Why Do Different Health Care Providers Only Work With Some Insurance Providers?

Why do different health care providers only work with some insurance providers? Some insurance companies are easier to work with than others. Some may have less stringent requirements, perhaps straight forward logical paper work, or most importantly, are better at paying health care providers within a reasonable time frame.

The simplistic answer is, "Sometimes [health care] providers are outside of the coverage area that the network may participate in," states Cindy J. Holtzman, Director of Operations at Medical Billing Advocates of America (MBAA). Many medical insurance companies work within a specified area, usually defined geographically. This area may have the boundaries of a region, a state, or beyond. If you happen to live on the outskirts of the coverage area, a health care provider that is local to you may not qualify to be included in your medical insurance network. For example, if your insurance is through your employer but you commute to work (say an hour or two from your home) then most likely the network of the insurance provided will cover the area near your workplace but not necessarily near your home.
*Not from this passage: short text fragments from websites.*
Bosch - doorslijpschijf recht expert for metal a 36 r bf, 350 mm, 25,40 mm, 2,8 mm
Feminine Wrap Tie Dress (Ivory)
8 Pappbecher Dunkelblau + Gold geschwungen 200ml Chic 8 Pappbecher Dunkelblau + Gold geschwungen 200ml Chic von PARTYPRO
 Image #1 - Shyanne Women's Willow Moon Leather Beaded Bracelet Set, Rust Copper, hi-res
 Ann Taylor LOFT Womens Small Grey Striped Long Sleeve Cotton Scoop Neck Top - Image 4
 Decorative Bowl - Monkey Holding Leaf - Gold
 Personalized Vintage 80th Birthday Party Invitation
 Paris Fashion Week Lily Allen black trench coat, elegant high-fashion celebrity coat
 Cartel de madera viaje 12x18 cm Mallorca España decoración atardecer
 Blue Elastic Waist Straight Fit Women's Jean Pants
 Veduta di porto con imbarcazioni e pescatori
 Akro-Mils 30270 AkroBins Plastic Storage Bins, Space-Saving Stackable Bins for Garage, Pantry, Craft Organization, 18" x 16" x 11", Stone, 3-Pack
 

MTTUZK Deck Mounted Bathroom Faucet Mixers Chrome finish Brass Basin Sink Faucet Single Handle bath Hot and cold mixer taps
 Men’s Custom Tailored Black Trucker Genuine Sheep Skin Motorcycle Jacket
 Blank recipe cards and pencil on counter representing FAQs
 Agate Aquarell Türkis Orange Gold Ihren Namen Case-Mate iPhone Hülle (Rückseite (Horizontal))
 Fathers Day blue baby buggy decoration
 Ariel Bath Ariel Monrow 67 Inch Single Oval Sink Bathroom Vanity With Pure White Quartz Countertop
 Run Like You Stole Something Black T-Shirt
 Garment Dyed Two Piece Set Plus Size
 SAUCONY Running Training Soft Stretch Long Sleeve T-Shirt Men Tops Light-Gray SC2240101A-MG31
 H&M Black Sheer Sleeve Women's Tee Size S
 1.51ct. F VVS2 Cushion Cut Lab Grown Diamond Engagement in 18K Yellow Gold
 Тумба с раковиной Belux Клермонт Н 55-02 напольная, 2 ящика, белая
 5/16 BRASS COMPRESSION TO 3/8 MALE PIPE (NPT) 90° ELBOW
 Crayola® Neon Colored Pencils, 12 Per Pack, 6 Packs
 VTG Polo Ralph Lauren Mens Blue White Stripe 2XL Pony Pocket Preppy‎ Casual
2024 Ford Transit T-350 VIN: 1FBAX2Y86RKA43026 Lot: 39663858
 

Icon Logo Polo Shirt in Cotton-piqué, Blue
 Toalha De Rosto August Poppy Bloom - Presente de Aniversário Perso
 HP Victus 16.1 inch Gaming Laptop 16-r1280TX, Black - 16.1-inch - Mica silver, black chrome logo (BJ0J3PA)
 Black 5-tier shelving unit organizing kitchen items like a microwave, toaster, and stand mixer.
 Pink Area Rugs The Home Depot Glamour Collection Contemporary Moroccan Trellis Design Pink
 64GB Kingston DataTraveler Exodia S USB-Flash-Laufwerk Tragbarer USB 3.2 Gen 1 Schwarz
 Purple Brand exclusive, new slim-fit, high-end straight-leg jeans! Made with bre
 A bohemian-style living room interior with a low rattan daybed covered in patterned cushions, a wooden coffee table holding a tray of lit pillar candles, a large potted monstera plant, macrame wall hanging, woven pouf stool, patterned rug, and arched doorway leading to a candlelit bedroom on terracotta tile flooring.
The more complicated answer is, "Many insurance companies make it too difficult for the [health care] providers to get payment for the services they render to their patients," says Ms. Holtzman. All of the paper work and the complicated requirements are among the many rigors insurance companies put health care providers through. Some insurance companies are easier to work with than others. Some may have less stringent requirements, perhaps straight forward logical paper work, or most importantly, are better at paying health care providers within a reasonable time frame. Ms. Holtzman recounts an experience with this problem, "It takes too long to get paid. Last year I had an office visit co-payment claim for $85.00, member only needed to pay $20.00. The insurance said [it hadn't gone through] (many times they never received it from me, the Tax ID # is wrong, the address is wrong, etc.) and it took me 25 hours to get the doctor their money. This happens a lot, as an agent, I am always calling on claims that do not get paid and the member does not and should not pay it either." Imagine how much longer this claim would've taken to get resolved without an agent working on it. Health care is a business like any other. Waiting for payment on a costly service causes the burden of looming debt. Anything medical is outlandishly expensive so the stress of that financial burden is daunting.




"With the costs of medical care going sky high, many [health care] providers elect not to join any network because the reimbursement schedule from the insurance company is too low," Ms. Holtzman informs. "There are so many account receivables at doctors' offices. The reimbursement schedule they receive is usually not enough to justify their costs. It could also take extremely long for them to get reimbursed, so it is a time sensitive issue as well as the reimbursement is too little for many providers to accept." All business need to cover their costs so working with any company that pays less than the costs is not a good business move. Understandably, health care providers must be careful when choosing which insurance companies they are willing to work with, if any at all. The business of being a health care provider is an overwhelmingly uncertain endeavor. If it weren't for the fact that you can guarantee there will always be sick people in need of medical care, being a health care provider wouldn't be considered a good business venture.